Caret has a function thresholder()
it will calculate many metrics based on the resampled data over specified decision thresholds.
thresholder(model, seq(0, 1, length.out = 10)) #in reality I would use length.out = 100
#output
alpha lambda prob_threshold Sensitivity Specificity Pos Pred Value Neg Pred Value Precision Recall F1 Prevalence Detection Rate Detection Prevalence Balanced Accuracy Accuracy
1 0.1 0.03607775 0.0000000 1.000 0.00000000 0.6510595 NaN 0.6510595 1.000 0.7886514 0.6510595 0.6510595 1.0000000 0.5000000 0.6510595
2 0.1 0.03607775 0.1111111 0.994 0.02621083 0.6557464 0.7380952 0.6557464 0.994 0.7901580 0.6510595 0.6471463 0.9869617 0.5101054 0.6562714
3 0.1 0.03607775 0.2222222 0.986 0.15270655 0.6850874 0.8711111 0.6850874 0.986 0.8082906 0.6510595 0.6419344 0.9375256 0.5693533 0.6952837
4 0.1 0.03607775 0.3333333 0.964 0.32421652 0.7278778 0.8406807 0.7278778 0.964 0.8290127 0.6510595 0.6276316 0.8633459 0.6441083 0.7408578
5 0.1 0.03607775 0.4444444 0.928 0.47364672 0.7674158 0.7903159 0.7674158 0.928 0.8395895 0.6510595 0.6041866 0.7877990 0.7008234 0.7695147
6 0.1 0.03607775 0.5555556 0.862 0.59002849 0.7970454 0.7053968 0.7970454 0.862 0.8274687 0.6510595 0.5611928 0.7043575 0.7260142 0.7669686
7 0.1 0.03607775 0.6666667 0.742 0.75740741 0.8521972 0.6114289 0.8521972 0.742 0.7926993 0.6510595 0.4830827 0.5677204 0.7497037 0.7473855
8 0.1 0.03607775 0.7777778 0.536 0.90284900 0.9156149 0.5113452 0.9156149 0.536 0.6739140 0.6510595 0.3489918 0.3828606 0.7194245 0.6640636
9 0.1 0.03607775 0.8888889 0.198 0.98119658 0.9573810 0.3967404 0.9573810 0.198 0.3231917 0.6510595 0.1289474 0.1354751 0.5895983 0.4713602
10 0.1 0.03607775 1.0000000 0.000 1.00000000 NaN 0.3489405 NaN 0.000 NaN 0.6510595 0.0000000 0.0000000 0.5000000 0.3489405
Kappa J Dist
1 0.0000000 0.00000000 1.0000000
2 0.0258717 0.02021083 0.9738516
3 0.1699809 0.13870655 0.8475624
4 0.3337322 0.28821652 0.6774055
5 0.4417759 0.40164672 0.5329805
6 0.4692998 0.45202849 0.4363768
7 0.4727251 0.49940741 0.3580090
8 0.3726156 0.43884900 0.4785352
9 0.1342372 0.17919658 0.8026597
10 0.0000000 0.00000000 1.0000000
Now pick a threshold based on your desired metric and use that. Usually the metrics used with imbalanced data Cohen's Kappa, Youden's J or Matthews correlation coefficient (MCC). Here is a decent paper on the matter.

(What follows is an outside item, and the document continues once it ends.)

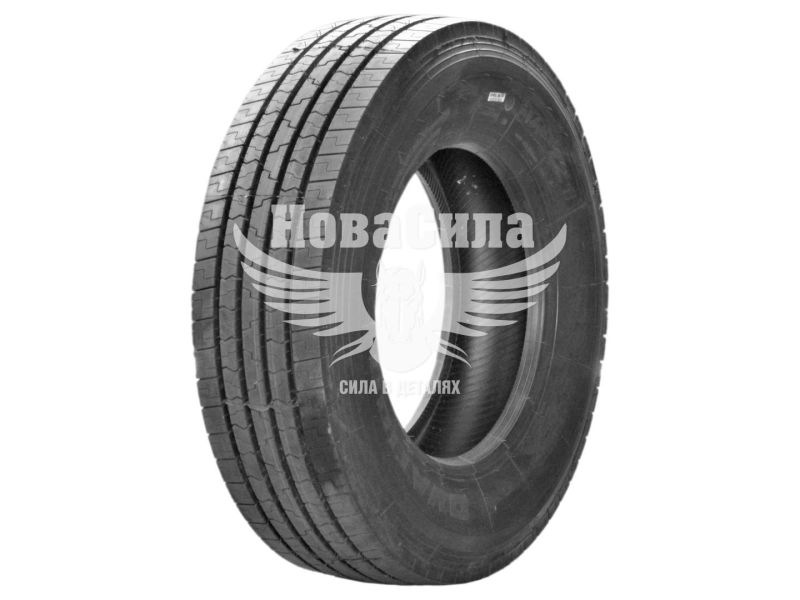 Автошина 315/70R22,5 рульова (Changfeng) (VI-121) 154/150L 20сл. (22345690)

Please note that since this data was used to find the optimal threshold the performance obtained this way will be optimistically biased. To evaluate the performance of the picked decision threshold it would be best to use several independent test sets. In other words I recommend nested resampling where you would optimize the parameters and threshold using the inner folds and evaluate on the outer folds.
Here is an explanation on how to use nested resampling with caret with regression. Some modifications are needed to make it work with classification with optimized threshold.
Please note that this is not the only way to pick the best decision threshold. Another way is to pick the desired metric a priori (MCC for instance) and treat the decision threshold as a hyper parameter which is to be tuned jointly with all the other hyper parameters. I trust this is not supported with caret with creating custom models.